## TASK DIRECTIONS
The entries below contain a stretch that opens with the line containing "man telling woman" and closes with the line containing "Buy Maybelline New"; set down that stretch exactly, both ends included, and nothing else.

-.-.-

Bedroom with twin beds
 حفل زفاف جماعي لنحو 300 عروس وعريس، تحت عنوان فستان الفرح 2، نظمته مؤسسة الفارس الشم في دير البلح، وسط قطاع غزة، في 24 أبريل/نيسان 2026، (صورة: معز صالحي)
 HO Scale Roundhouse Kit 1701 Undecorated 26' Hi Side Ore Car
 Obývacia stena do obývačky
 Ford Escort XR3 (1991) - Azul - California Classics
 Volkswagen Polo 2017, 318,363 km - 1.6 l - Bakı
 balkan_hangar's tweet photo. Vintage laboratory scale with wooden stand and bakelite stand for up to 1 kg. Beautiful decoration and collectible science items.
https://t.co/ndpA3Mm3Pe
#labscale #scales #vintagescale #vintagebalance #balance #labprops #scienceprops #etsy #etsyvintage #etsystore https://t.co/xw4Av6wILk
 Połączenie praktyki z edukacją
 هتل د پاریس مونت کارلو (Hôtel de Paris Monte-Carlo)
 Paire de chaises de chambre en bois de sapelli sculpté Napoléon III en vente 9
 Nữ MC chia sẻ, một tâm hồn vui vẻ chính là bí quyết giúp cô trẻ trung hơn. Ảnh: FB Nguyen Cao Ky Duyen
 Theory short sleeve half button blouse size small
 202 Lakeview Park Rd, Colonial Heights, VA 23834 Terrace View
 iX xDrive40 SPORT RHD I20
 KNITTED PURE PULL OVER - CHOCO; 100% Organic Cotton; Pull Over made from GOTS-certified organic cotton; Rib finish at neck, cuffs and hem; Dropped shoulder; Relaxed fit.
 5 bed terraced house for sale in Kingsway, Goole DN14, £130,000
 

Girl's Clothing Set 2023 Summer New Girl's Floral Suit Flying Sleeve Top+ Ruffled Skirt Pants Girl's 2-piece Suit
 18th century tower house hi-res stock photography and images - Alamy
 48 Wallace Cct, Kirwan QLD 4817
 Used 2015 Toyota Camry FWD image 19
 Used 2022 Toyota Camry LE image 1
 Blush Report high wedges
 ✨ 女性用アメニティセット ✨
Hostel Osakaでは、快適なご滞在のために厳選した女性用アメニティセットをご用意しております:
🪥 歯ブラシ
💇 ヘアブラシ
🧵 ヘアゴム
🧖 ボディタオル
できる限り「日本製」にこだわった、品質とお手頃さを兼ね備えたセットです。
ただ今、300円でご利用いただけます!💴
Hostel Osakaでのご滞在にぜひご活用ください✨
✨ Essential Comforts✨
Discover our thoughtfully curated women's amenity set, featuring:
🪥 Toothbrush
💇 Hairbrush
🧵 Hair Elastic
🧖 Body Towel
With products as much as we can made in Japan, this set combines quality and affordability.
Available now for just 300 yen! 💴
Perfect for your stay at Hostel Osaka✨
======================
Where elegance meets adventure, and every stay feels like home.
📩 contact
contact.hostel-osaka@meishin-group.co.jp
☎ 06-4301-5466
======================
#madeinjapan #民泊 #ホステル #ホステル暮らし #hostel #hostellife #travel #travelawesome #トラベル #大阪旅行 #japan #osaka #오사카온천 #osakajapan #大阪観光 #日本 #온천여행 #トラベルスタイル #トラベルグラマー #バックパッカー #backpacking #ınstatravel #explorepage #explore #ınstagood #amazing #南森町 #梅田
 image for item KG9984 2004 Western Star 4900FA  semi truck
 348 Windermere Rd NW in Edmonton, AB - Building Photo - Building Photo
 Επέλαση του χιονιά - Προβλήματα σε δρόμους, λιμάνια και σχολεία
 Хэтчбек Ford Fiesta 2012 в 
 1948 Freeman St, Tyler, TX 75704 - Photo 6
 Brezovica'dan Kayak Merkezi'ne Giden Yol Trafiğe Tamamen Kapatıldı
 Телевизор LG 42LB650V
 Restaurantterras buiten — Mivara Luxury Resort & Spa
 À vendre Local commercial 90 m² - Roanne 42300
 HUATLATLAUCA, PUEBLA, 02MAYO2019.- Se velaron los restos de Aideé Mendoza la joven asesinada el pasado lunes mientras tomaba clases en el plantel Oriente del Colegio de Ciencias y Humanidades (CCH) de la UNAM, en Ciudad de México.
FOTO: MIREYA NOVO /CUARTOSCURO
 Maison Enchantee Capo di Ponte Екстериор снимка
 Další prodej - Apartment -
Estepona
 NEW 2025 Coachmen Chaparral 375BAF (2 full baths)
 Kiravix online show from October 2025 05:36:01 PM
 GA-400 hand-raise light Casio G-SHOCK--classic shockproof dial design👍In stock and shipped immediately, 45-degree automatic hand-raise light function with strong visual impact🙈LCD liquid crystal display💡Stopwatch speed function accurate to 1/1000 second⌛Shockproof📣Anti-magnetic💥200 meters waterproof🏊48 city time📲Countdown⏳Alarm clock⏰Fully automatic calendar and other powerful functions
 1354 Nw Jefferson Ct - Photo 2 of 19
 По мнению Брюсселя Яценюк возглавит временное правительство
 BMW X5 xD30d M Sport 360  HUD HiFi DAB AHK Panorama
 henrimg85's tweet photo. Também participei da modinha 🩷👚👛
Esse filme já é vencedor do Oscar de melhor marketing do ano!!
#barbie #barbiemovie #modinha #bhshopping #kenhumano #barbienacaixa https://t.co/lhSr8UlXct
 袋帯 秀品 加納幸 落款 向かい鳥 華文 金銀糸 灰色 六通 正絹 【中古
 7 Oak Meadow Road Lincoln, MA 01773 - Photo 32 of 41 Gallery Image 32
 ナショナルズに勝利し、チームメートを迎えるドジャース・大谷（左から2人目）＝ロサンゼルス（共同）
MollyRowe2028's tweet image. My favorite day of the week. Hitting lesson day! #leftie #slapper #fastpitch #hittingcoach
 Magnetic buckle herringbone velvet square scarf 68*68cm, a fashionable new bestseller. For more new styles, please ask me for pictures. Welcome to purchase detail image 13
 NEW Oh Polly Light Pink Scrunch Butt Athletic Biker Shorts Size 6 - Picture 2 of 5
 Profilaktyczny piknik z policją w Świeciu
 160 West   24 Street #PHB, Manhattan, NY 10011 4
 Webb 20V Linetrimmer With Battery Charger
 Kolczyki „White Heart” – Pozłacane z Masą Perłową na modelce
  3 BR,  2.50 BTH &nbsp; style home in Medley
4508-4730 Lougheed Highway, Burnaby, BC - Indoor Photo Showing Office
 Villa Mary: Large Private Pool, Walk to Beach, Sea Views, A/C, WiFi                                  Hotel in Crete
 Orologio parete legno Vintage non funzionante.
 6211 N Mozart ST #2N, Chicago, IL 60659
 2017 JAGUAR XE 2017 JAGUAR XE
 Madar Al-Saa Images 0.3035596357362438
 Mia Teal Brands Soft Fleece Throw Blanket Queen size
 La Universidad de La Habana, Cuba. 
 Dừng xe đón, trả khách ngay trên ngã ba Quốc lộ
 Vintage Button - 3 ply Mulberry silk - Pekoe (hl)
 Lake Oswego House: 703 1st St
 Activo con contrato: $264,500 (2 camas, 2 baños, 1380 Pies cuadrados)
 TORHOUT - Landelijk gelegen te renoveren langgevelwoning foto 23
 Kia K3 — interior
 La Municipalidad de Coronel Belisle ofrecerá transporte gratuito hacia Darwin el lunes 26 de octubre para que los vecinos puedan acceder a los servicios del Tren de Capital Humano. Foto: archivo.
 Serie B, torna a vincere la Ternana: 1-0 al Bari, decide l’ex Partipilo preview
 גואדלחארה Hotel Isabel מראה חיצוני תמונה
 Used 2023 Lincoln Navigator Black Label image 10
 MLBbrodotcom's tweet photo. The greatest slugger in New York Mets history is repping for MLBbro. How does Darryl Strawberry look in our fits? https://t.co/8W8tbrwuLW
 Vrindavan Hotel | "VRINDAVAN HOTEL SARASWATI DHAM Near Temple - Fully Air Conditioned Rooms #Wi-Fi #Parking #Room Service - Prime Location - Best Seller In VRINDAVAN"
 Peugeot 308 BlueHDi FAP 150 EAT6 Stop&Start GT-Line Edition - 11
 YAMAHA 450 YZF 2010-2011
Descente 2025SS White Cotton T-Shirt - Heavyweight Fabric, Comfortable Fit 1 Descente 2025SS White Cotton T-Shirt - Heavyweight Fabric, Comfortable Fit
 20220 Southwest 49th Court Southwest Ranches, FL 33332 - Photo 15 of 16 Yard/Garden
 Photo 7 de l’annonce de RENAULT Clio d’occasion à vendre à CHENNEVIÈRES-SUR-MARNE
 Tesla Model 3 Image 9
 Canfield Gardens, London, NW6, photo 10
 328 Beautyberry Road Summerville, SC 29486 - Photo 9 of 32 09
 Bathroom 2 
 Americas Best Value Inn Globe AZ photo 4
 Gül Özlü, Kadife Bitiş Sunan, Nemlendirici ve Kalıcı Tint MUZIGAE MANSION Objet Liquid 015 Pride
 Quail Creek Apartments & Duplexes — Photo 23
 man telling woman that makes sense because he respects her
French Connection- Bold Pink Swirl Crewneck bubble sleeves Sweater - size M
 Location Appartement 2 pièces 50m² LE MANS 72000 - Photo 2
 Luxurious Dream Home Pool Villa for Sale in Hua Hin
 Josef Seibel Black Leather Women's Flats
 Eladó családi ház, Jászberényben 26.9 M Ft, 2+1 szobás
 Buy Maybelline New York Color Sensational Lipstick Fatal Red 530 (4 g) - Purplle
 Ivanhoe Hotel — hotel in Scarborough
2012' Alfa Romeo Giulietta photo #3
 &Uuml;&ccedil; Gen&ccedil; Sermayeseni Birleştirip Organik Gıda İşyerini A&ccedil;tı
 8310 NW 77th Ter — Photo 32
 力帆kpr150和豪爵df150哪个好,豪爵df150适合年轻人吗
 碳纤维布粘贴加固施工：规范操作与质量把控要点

-.-.-

## ANSWER TO THE PROBLEM
 man telling woman that makes sense because he respects her
French Connection- Bold Pink Swirl Crewneck bubble sleeves Sweater - size M
 Location Appartement 2 pièces 50m² LE MANS 72000 - Photo 2
 Luxurious Dream Home Pool Villa for Sale in Hua Hin
 Josef Seibel Black Leather Women's Flats
 Eladó családi ház, Jászberényben 26.9 M Ft, 2+1 szobás
 Buy Maybelline New York Color Sensational Lipstick Fatal Red 530 (4 g) - Purplle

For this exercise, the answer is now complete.